Questa esperienza è stata una prova e un’occasione anche per il progetto di vita che giorno dopo giorno sto costruendo con Edoardo. Il rapporto, quando è chiuso nelle strette dinamiche quotidiane di coppia, si svuota di significato, mentre trova nutrimento nella condivisione e nel donarsi agli altri. In questa dimensione ci si rinnova, e ci si scopre ancora capaci di donarsi anche l’uno all’altro ogni giorno come persone nuove.
Guardando alla mia fede, mi rendo conto che senza le opere rimane una bella filosofia di vita, ma lontana dal corpo mistico di Cristo. Un mio omonimo, Giacomo, nella sue lettere direbbe addirittura che la fede senza le opere è morta (Lettera di Giacomo 2:26). E questa immagine suona ancora più stridente davanti alle migliaia di uomini e donne che stanno morendo in questa guerra, così come in tutte le altre guerre che si combattono nel mondo ogni giorno, di fronte all’indifferenza di molti.

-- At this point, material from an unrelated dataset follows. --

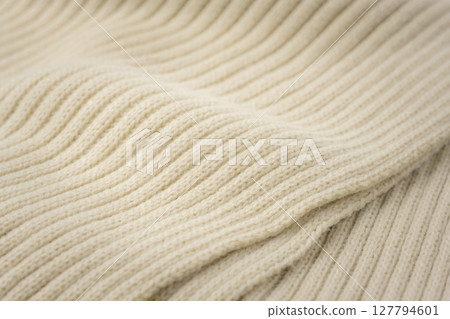 米色針織布料的特寫，溫暖的冬季材料 127794601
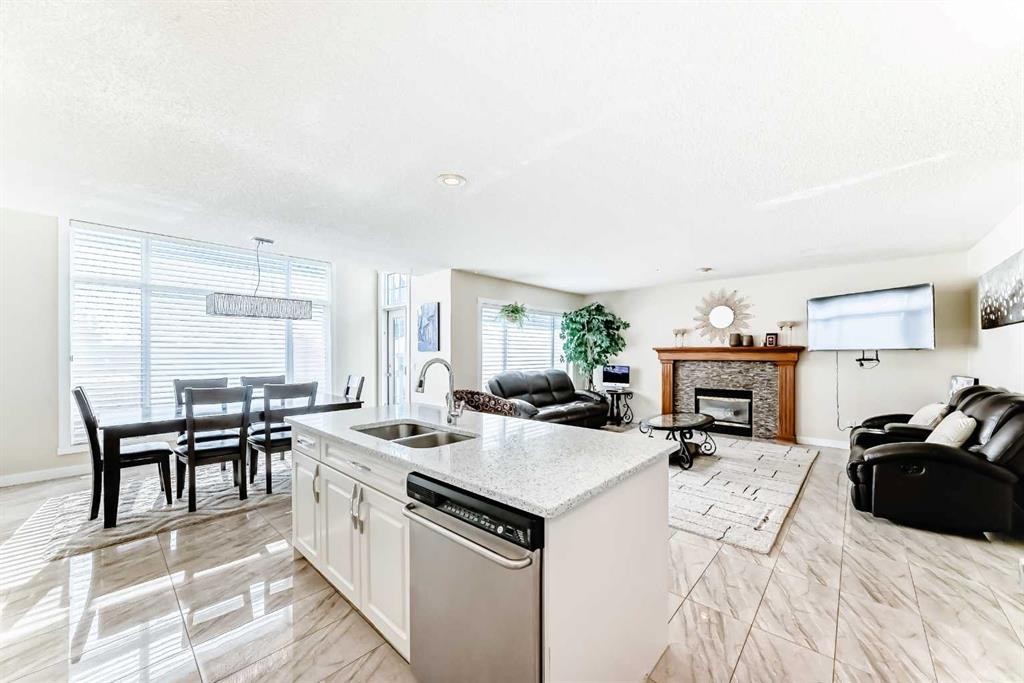 41 Covette Bay Ne, Calgary, AB - Indoor Photo Showing Other Room With Fireplace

Come scrivo anche nel libro, ho legato indissolubilmente questo viaggio alla pagina dell’Esodo (12:1-11) che narra dell’uscita dall’Egitto del popolo ebraico. Ora questo episodio non è più un racconto del passato, ma ha corpi, sguardi e respiri che io ho visto e sentito. Sono parole che pulsano, sono voci di persone in carne ed ossa. E così è la Parola di Dio: vera e viva, quando usciamo dalle nostre sicurezze e proviamo a incarnarla. A quel punto è difficile tornare indietro, se non assuefacendoci con false giustificazioni e indifferenza. Questo è il rischio e la sfida da affrontare ogni volta che poi ritorno nella mia quotidianità dopo aver vissuto esperienze totalizzanti come la Carovana in Ucraina.
Infine c’è l’incontro, seppur fatto di pochi attimi, sguardi e parole, con la vita violata di uomini, donne e bambini in fuga dalla guerra. Di queste storie mi sento responsabile e testimone, perché la loro memoria non vada perduta. Questa è anche la ragione principale per la quale ho scritto il libro, e non posso che affidarle anche a voi, affinché possiate essere, se lo vorrete, a vostra volta loro eco, con le parole e con la vita.
Incontro, memoria, empatia – vorrei dire agape: i tre momenti che dovrebbero caratterizzare ogni rapporto umano. E non solo in situazioni estreme come quelle sfiorate da Giacomo e da suo marito.